The results also are the result of the photographer honing his sense of not just the possibilities that lurk in the forests and savannah, but developing a keen sensory perception to both come away with great photographs and with his life.

For one of my projects, a few game trackers and I hiked deep into the forest to check my camera traps. I had set the cameras up along animal trails, for weeks at a time they were ready to shoot the moment an animal walked in front and broke the infrared beam. I was trying to capture the elusive mountain bongo, a massive antelope that had once been thought to be extinct in the world.

Alternate Text
Rhinos from The Centre Cannot Hold by David Gulden, copyright © 2012, published by Glitterati Incorporated.

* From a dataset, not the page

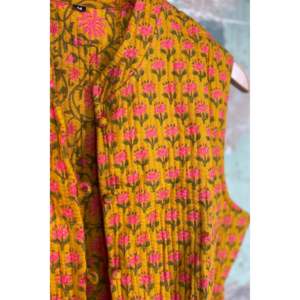 Chaleco de punto vintage rosa cúrcuma con estampado Mughal hecho a mano y botones para primavera, invierno y otoño - Product Image 4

Getting to the trail was an adventure. It wasn't long before my skin felt the electric tingle of the ubiguitous stinging nettles that littered the forest. The nettles could have been avoided, but all senses were on hyperalert for more consequential dangers, Mr. Gulden writes in an introduction.

The game trackers and I hiked through a buffalo maze, an expanse of short bamboo where we were constantly crouching and slipping in the mud. The visibility was so limited I could barely see the person in front of me.

Buffalo are numerous here. They are aggressive and can kill. The trackers and I developed multiple-sensory alertness, listening for the sound of broken branches and sniffing the air for the musty mammal odor, our gazes scanning back and forth.

The Centre Cannot Hold is a wonderful book, one to page slowly through at night and consider the wilds that still exist in the world.